Web page caption snippets

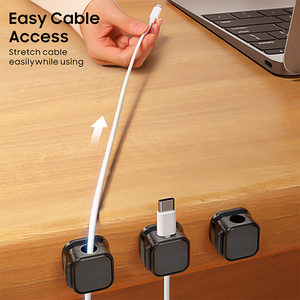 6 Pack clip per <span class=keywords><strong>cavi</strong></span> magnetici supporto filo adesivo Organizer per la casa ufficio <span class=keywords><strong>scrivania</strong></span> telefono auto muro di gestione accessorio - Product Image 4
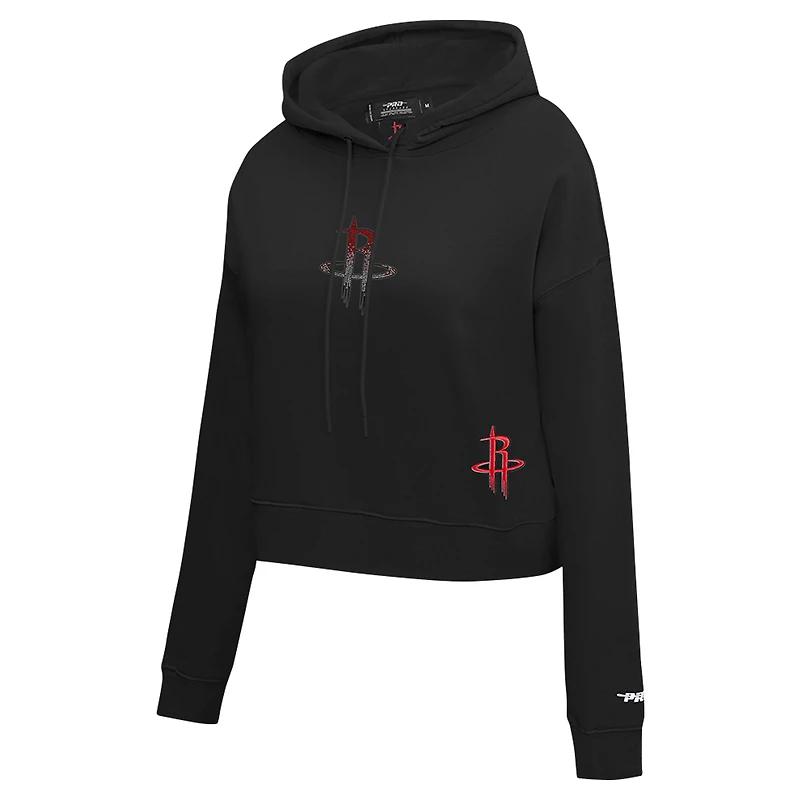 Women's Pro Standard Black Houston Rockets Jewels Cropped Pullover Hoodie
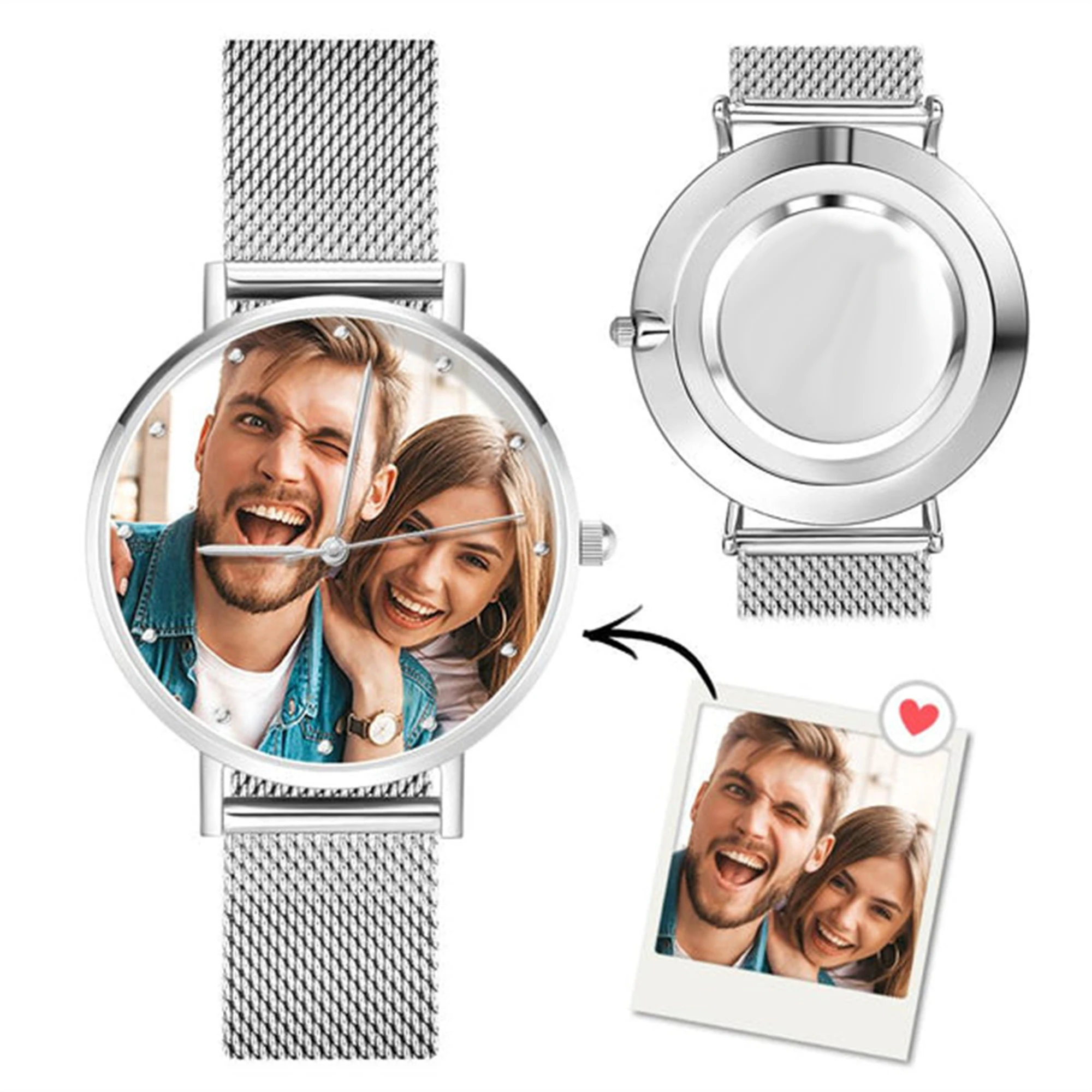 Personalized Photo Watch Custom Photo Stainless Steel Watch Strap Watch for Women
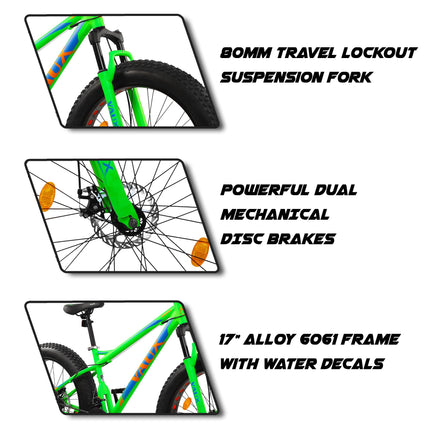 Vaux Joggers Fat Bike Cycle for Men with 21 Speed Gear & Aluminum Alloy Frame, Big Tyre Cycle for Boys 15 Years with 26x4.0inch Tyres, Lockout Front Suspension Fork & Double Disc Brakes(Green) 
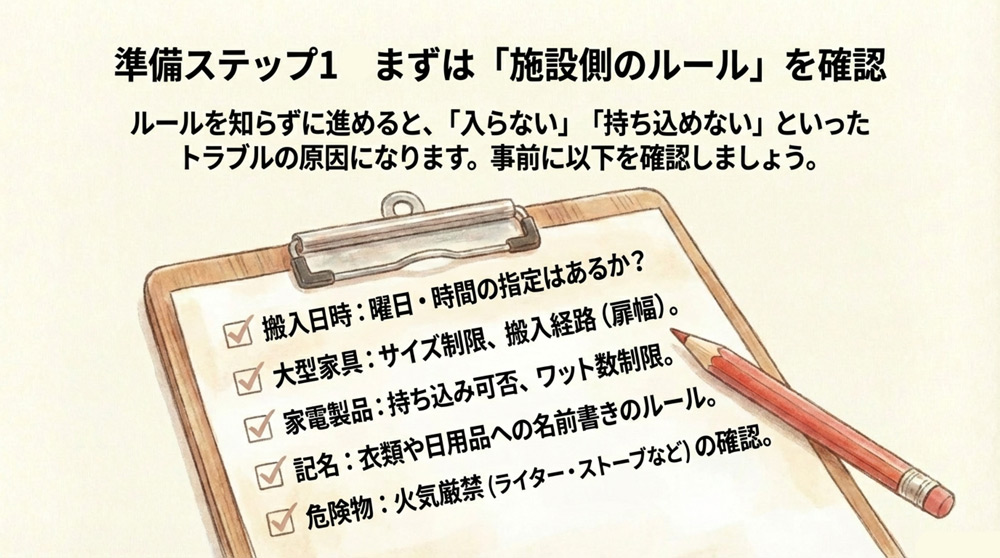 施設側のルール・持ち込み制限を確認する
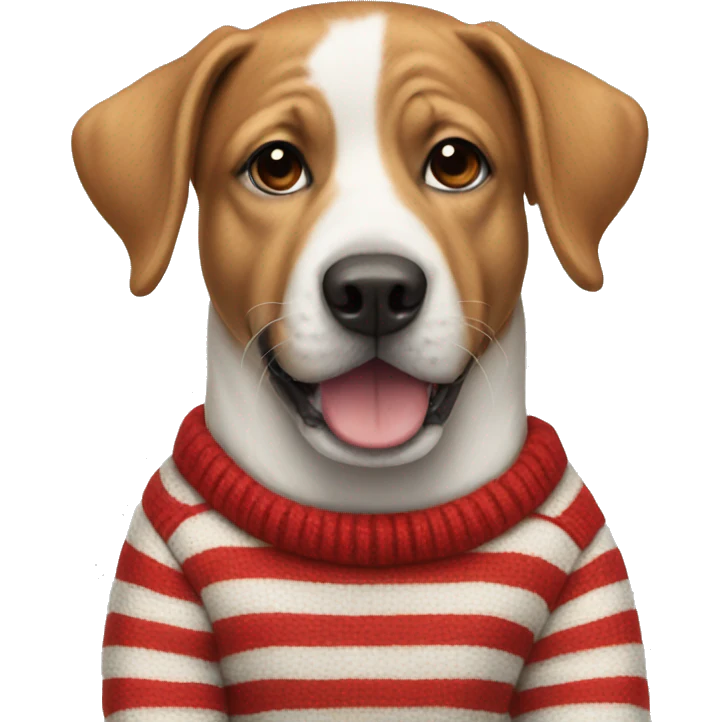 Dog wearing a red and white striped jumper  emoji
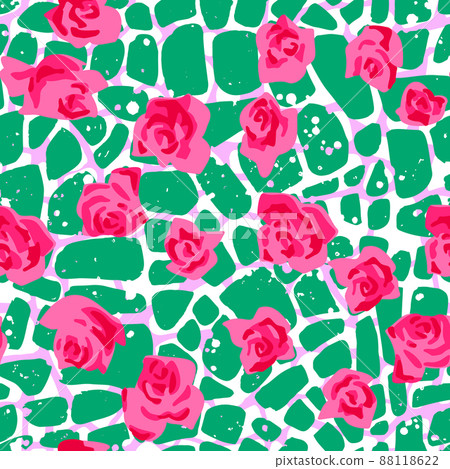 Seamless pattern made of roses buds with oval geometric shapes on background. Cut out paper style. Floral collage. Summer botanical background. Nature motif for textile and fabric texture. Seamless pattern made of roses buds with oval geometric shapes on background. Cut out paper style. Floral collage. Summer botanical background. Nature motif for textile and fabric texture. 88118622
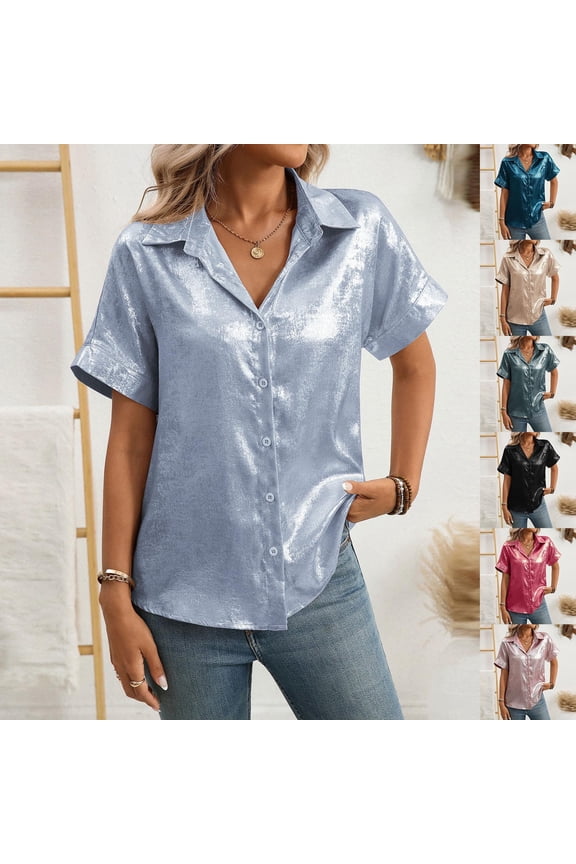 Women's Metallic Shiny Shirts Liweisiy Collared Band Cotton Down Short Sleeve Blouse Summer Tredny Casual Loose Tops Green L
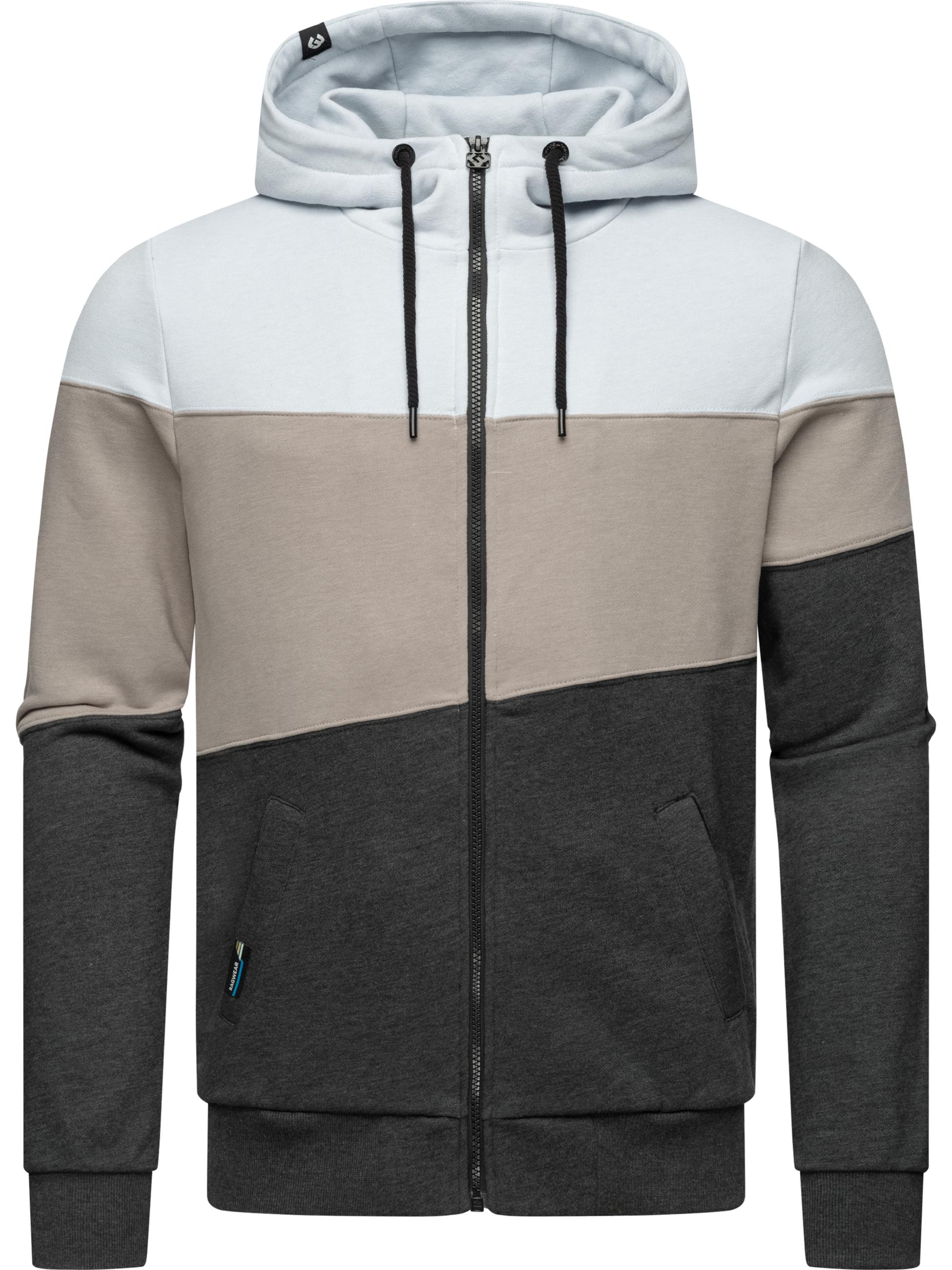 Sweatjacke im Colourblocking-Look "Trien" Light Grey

## WHAT YOU SHOULD DO
Leaving the pictures out, copy exactly the lines from the line that contains "Vaux Joggers Fat" to the last line of the data, both ends included.

## TASK ANSWER
 Vaux Joggers Fat Bike Cycle for Men with 21 Speed Gear & Aluminum Alloy Frame, Big Tyre Cycle for Boys 15 Years with 26x4.0inch Tyres, Lockout Front Suspension Fork & Double Disc Brakes(Green) 
 施設側のルール・持ち込み制限を確認する
 Dog wearing a red and white striped jumper  emoji
 Seamless pattern made of roses buds with oval geometric shapes on background. Cut out paper style. Floral collage. Summer botanical background. Nature motif for textile and fabric texture. Seamless pattern made of roses buds with oval geometric shapes on background. Cut out paper style. Floral collage. Summer botanical background. Nature motif for textile and fabric texture. 88118622
 Women's Metallic Shiny Shirts Liweisiy Collared Band Cotton Down Short Sleeve Blouse Summer Tredny Casual Loose Tops Green L
 Sweatjacke im Colourblocking-Look "Trien" Light Grey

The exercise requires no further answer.